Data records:
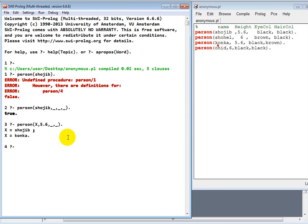So this is the anonymous variable and it's all about the variable. Thank you guys for watching this tutorial.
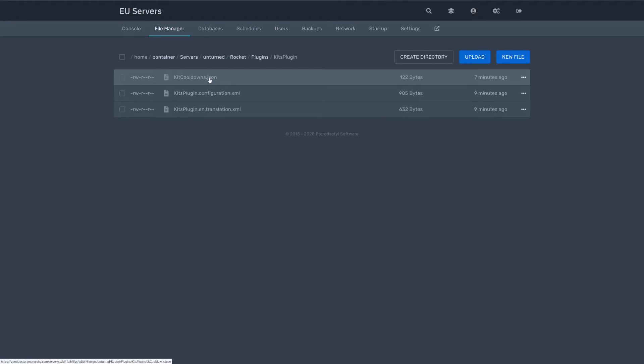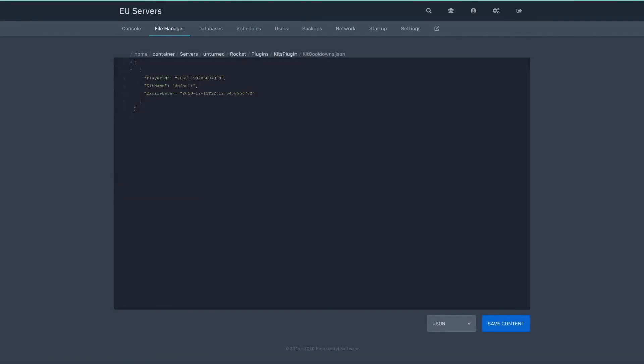And this is a data.json file where we're gonna save the data of our kit cooldowns, so we won't lose them in case of server restart. We're gonna save them like this.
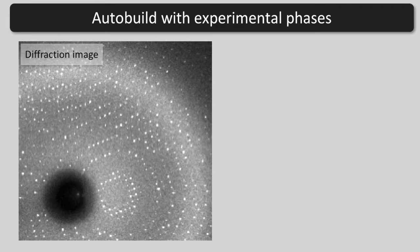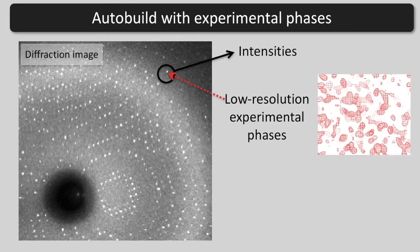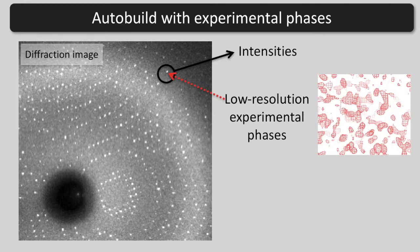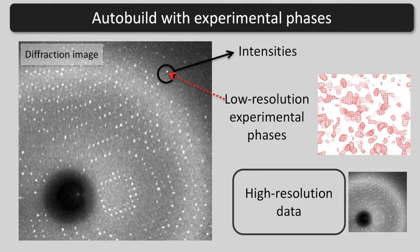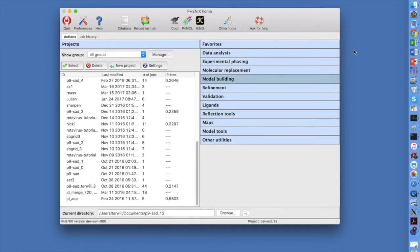Let's carry out automatic model building starting from measured intensities and low resolution experimental phases such as you might get from Autosol and a high resolution file for phase extension and refinement. Let's use demo data from the Phoenix tutorials.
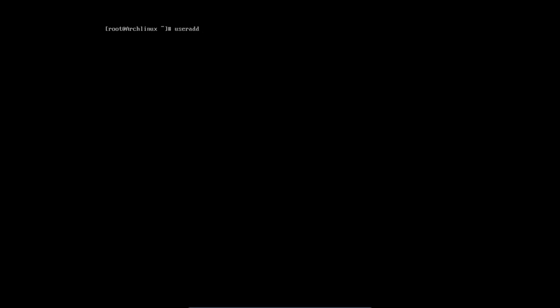So useradd -mg users -G wheel, storage, and power, and we're going to use the specific shell which is going to be bash, and my username of choice is Eric. So, rechecking. Yep, that's it.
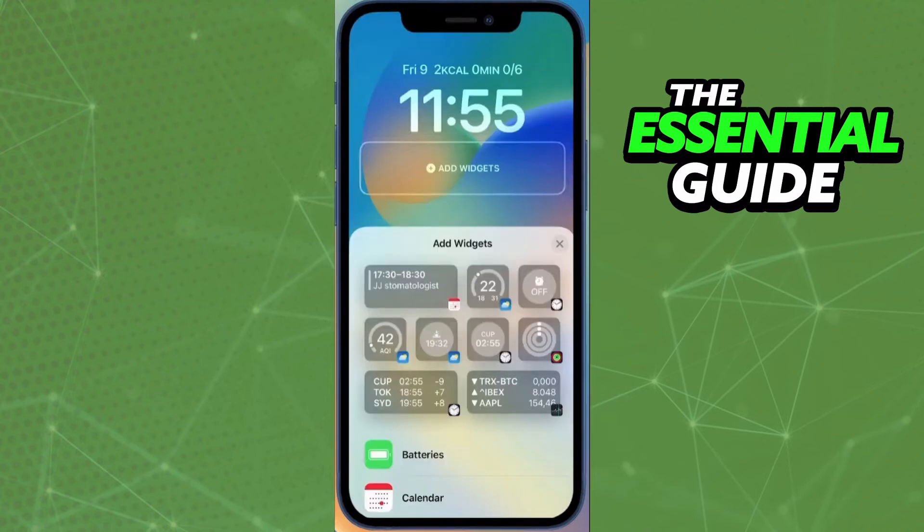After that, you'll see the option to add widgets, so just click there and you can add any widget you want. If you want to add WhatsApp, just select WhatsApp and choose the place where you want to put the WhatsApp widget on your lock screen.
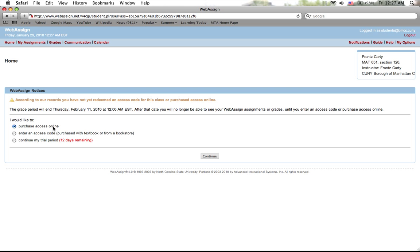So what it is, is in the future you're gonna need an access code to access the system to do your homeworks. The access code you can get two ways. One way that you can get your access code is you can buy the textbook, and with the textbook you could pay I think an extra five dollars or extra dollar, and you will get the access code. Another way is that you can purchase the access code separately online—that's about thirty-five dollars if you don't want to pay the amount of the whole textbook.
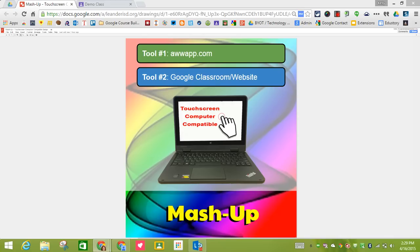Today's mashup is going to show you how to use the AWW app, awwapp.com interactive website, which has now had a huge update where you can actually insert images into the interactive whiteboard, as well as Google Classroom.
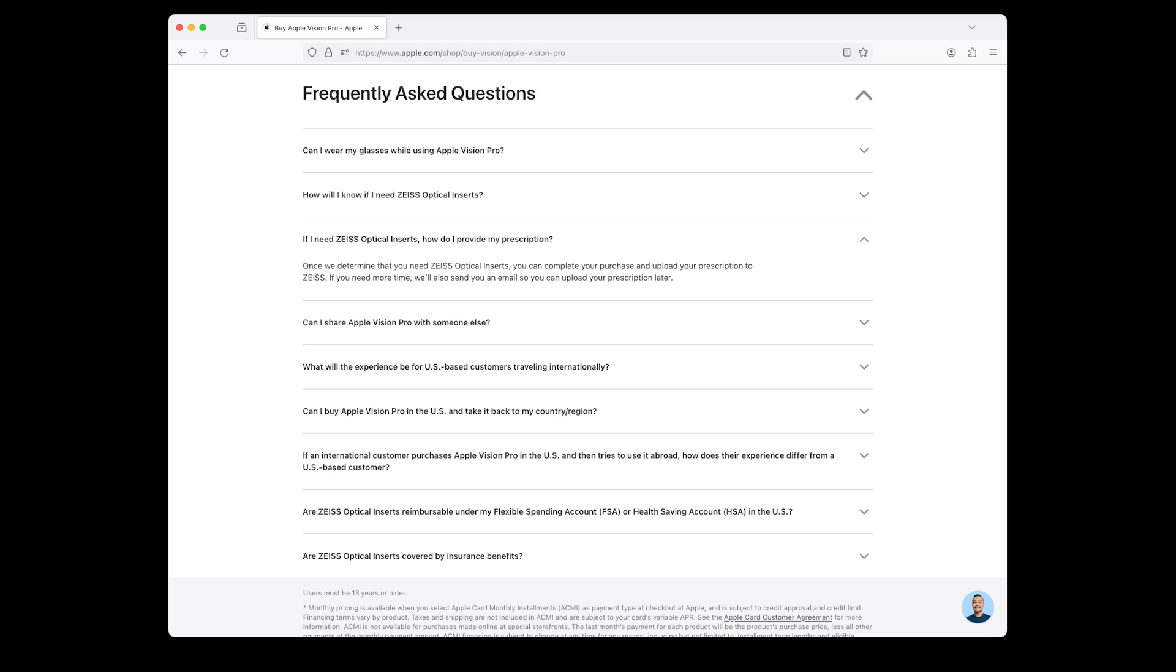If I need Zeiss optical inserts, how do I provide my prescription? Once we determine that you need Zeiss optical inserts, you can complete your purchase and upload your prescription to Zeiss. If you need more time, we'll also send you an email so you can upload your prescription later.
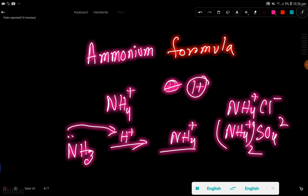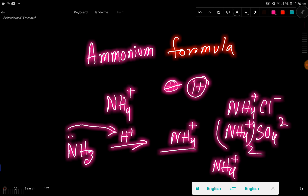In ammonium chloride, the +1 charge of ammonium and the -1 charge cancel out. So this is the formula of ammonium, and the charge of ammonium is +1.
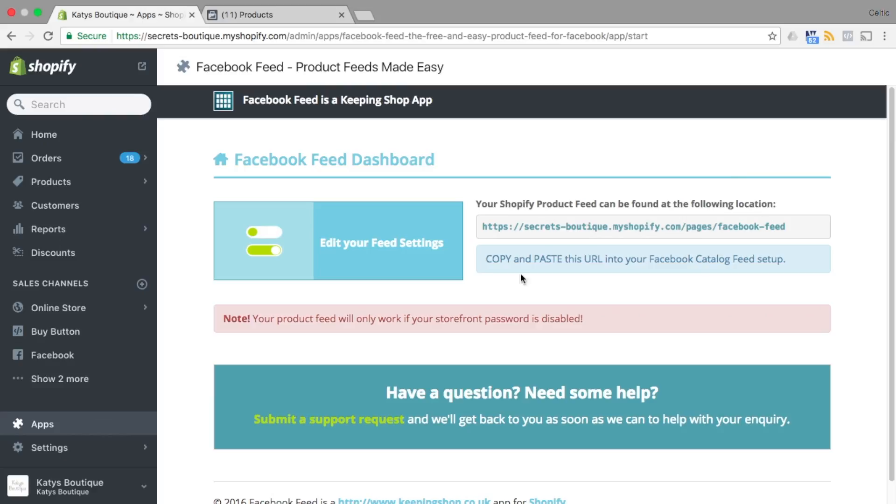Facebook Feed by Keeping Shop is a free and simple tool that quickly allows you to create a product catalogue within Facebook.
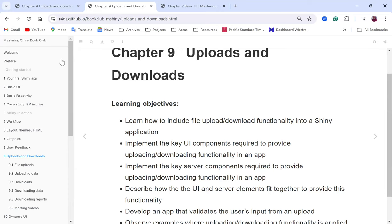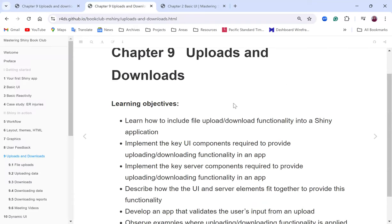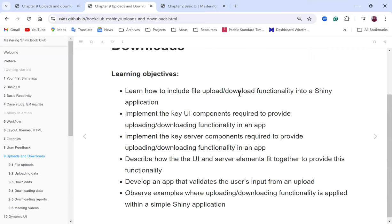Hello everyone. Today I'm going to go through uploads and downloads in Shiny. I'll use the slides and templates for the new club, but I'll also make references back to the main book, moving between the slides, the book, and RStudio. For this chapter, the main objective is to learn how to include file upload and download functionalities in a Shiny application.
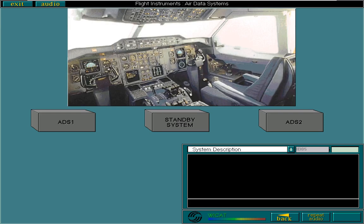Each system supplies flight data to various instruments. Select each system in turn to see its associated instruments. When you have seen them all, select the forward arrow.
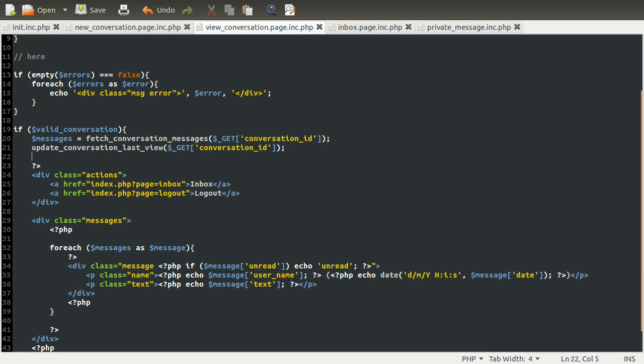Anyway, so the next thing we need to make is—the next feature we need to add, sorry, I should say—is the ability for people to add their own new messages to this conversation. Because at the moment, all we've got is a fairly static messaging system where people can't actually reply without creating a whole new conversation. So this is essentially the finishing touches and the final thing we're going to be adding.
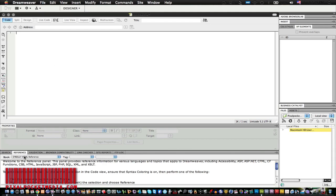That's pretty much it on this beginners tutorial on Dreamweaver. If there's something specific you need to know, just let me know and I'll do a tutorial on it. In my next tutorial I'd like to start with WordPress coding — showing you how HTML and PHP work together, since a PHP file will also read HTML coding inside it.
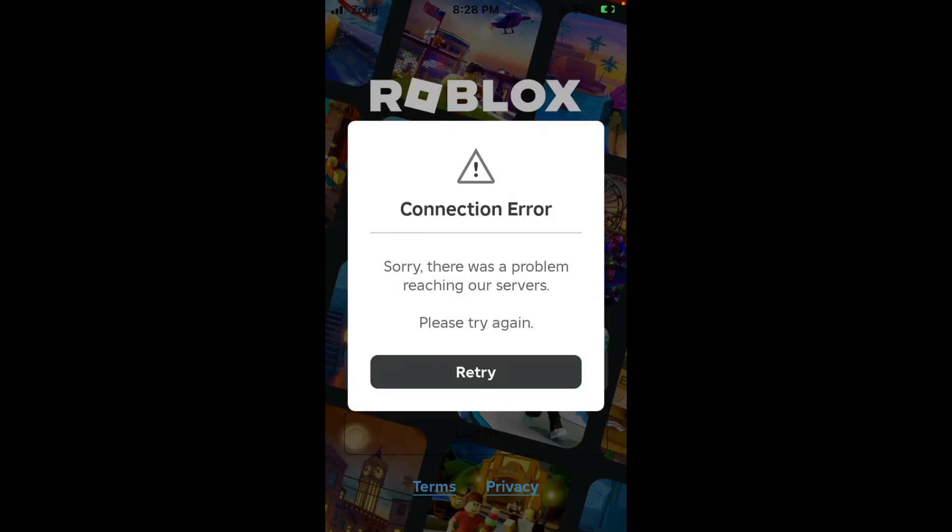Hello everybody, and welcome back to our YouTube channel with another informative video. Today we will show you how to fix the Roblox error message: 'Connection Error - Sorry, there was a problem reaching our service.'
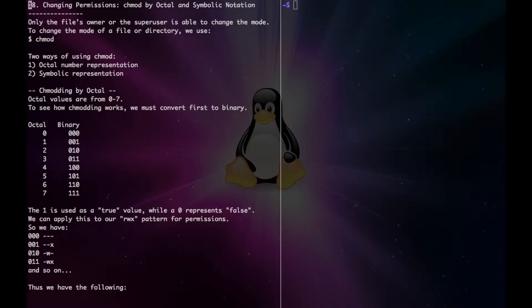So now you're probably wondering how we can change the permissions or the mode of a file. Only the file's owner or the super user is able to change the mode. To change the mode of a file or directory, we use chmod. Two ways of using chmod include the octal number representation and the symbolic representation.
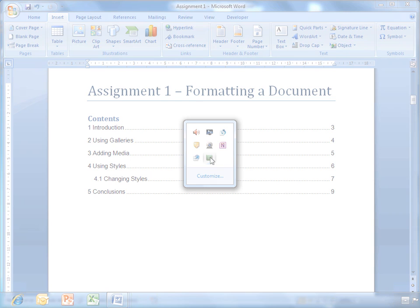There's your table of contents. The only thing I probably need to change again now is I need to update the table of contents, because the page number has changed by introducing the cover page. So again, update table, update page numbers only, and click OK. And there you go, there is the formatted document.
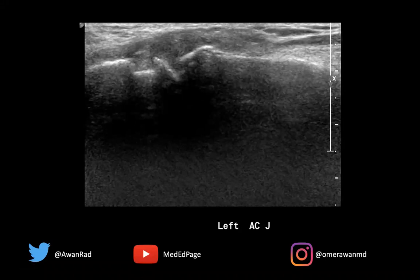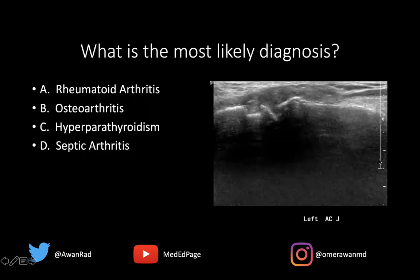Hello everyone, and welcome to MSK Unknown Case Series, case number 61. We actually have an ultrasound case. Ultrasound is one of my favorite modalities in musculoskeletal imaging. We have an ultrasound image of the left acromioclavicular joint. The question that follows this image is: what's the most likely diagnosis?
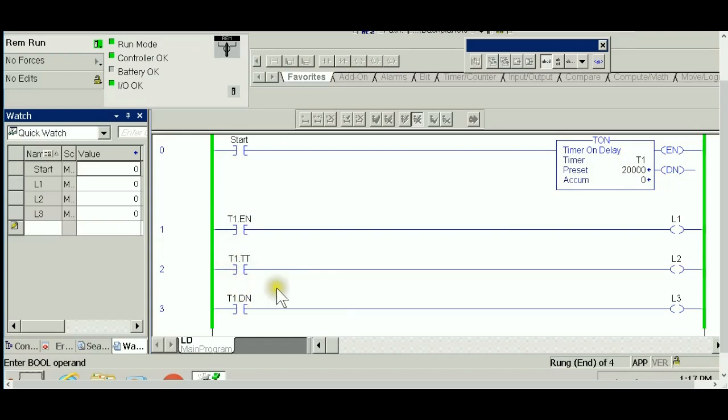By no means can we have timer timing and done bit on at the same time, which makes sense—we cannot have the timer timing and done at the same time. Either it's timing and not done, or it's done after timing. If this timer is non-retentive, you can guess the second timer we're going to see is the RTO, the retentive timer. Let's go ahead.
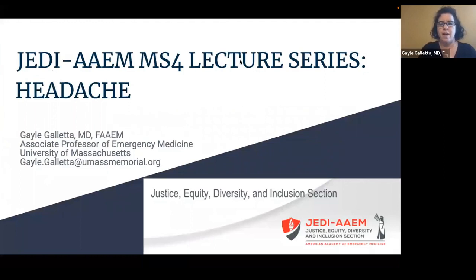Hi, my name is Dr. Gal Galetta, and I'm Associate Professor of Emergency Medicine at the University of Massachusetts. Today I'm going to give the fourth-year medical student headache lecture on behalf of JEDI — Justice, Equity, Diversity, and Inclusion section of AAEM.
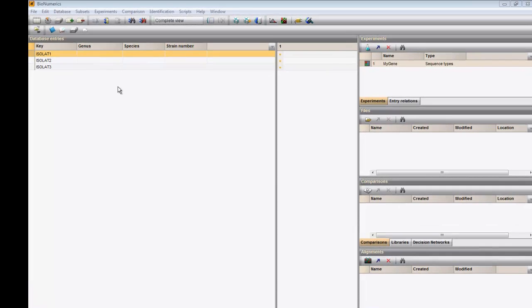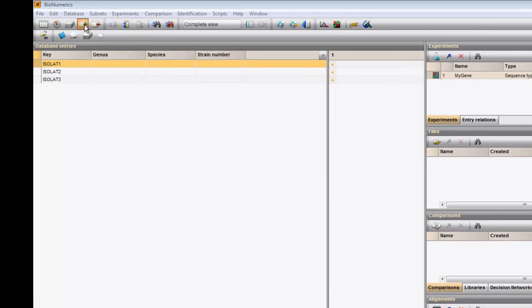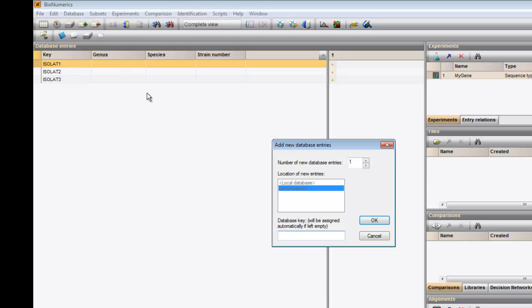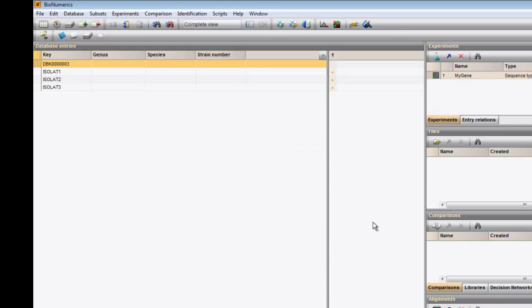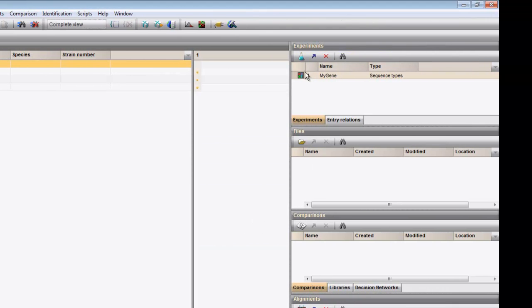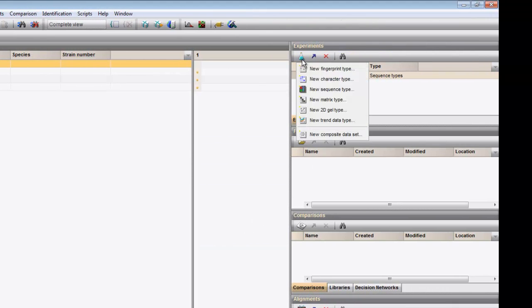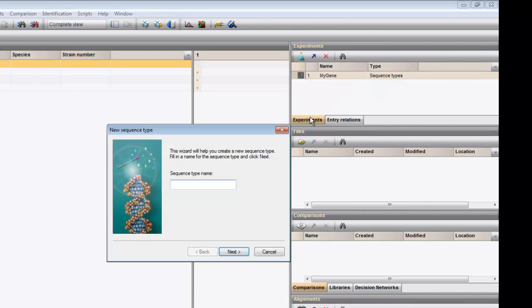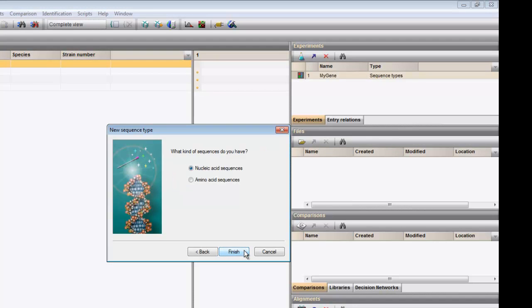I start by adding a new entry to my database, to which the assembly project will be linked. And I create a new sequence experiment type for nucleic acid sequences.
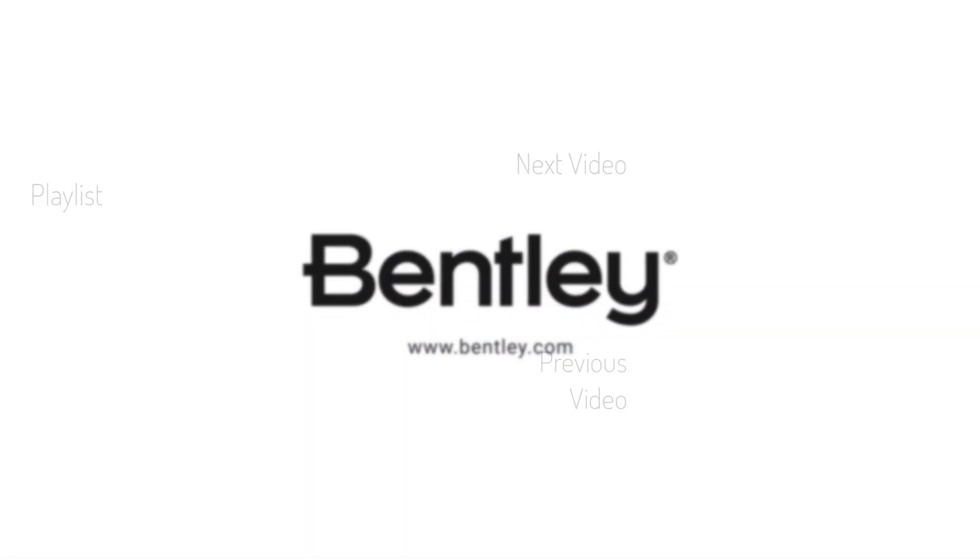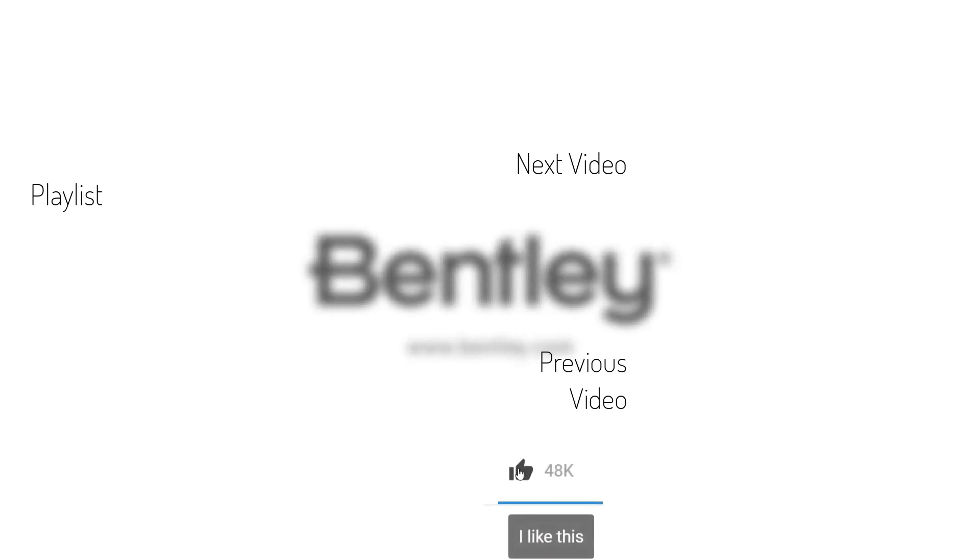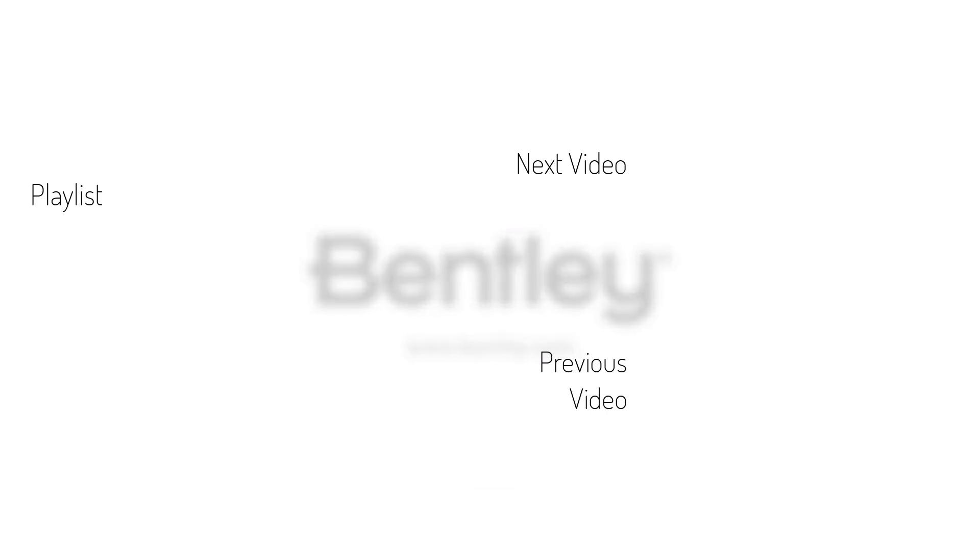Thanks for watching. If you found this video helpful, please give it a like and share it with others. If you want to see more like it, please consider subscribing to this and Bentley's other channels. Thank you and see you next time.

> What the exercise asks: With the pictures left out, write out exactly the lines above from the one containing "So useradd -mg" through the one containing "Hello everyone. Today".

> Solution for this task:
So useradd -mg users -G wheel, storage, and power, and we're going to use the specific shell which is going to be bash, and my username of choice is Eric. So, rechecking. Yep, that's it.
After that, you'll see the option to add widgets, so just click there and you can add any widget you want. If you want to add WhatsApp, just select WhatsApp and choose the place where you want to put the WhatsApp widget on your lock screen.
So what it is, is in the future you're gonna need an access code to access the system to do your homeworks. The access code you can get two ways. One way that you can get your access code is you can buy the textbook, and with the textbook you could pay I think an extra five dollars or extra dollar, and you will get the access code. Another way is that you can purchase the access code separately online—that's about thirty-five dollars if you don't want to pay the amount of the whole textbook.
Today's mashup is going to show you how to use the AWW app, awwapp.com interactive website, which has now had a huge update where you can actually insert images into the interactive whiteboard, as well as Google Classroom.
If I need Zeiss optical inserts, how do I provide my prescription? Once we determine that you need Zeiss optical inserts, you can complete your purchase and upload your prescription to Zeiss. If you need more time, we'll also send you an email so you can upload your prescription later.
In ammonium chloride, the +1 charge of ammonium and the -1 charge cancel out. So this is the formula of ammonium, and the charge of ammonium is +1.
Facebook Feed by Keeping Shop is a free and simple tool that quickly allows you to create a product catalogue within Facebook.
Hello everyone. Today I'm going to go through uploads and downloads in Shiny. I'll use the slides and templates for the new club, but I'll also make references back to the main book, moving between the slides, the book, and RStudio. For this chapter, the main objective is to learn how to include file upload and download functionalities in a Shiny application.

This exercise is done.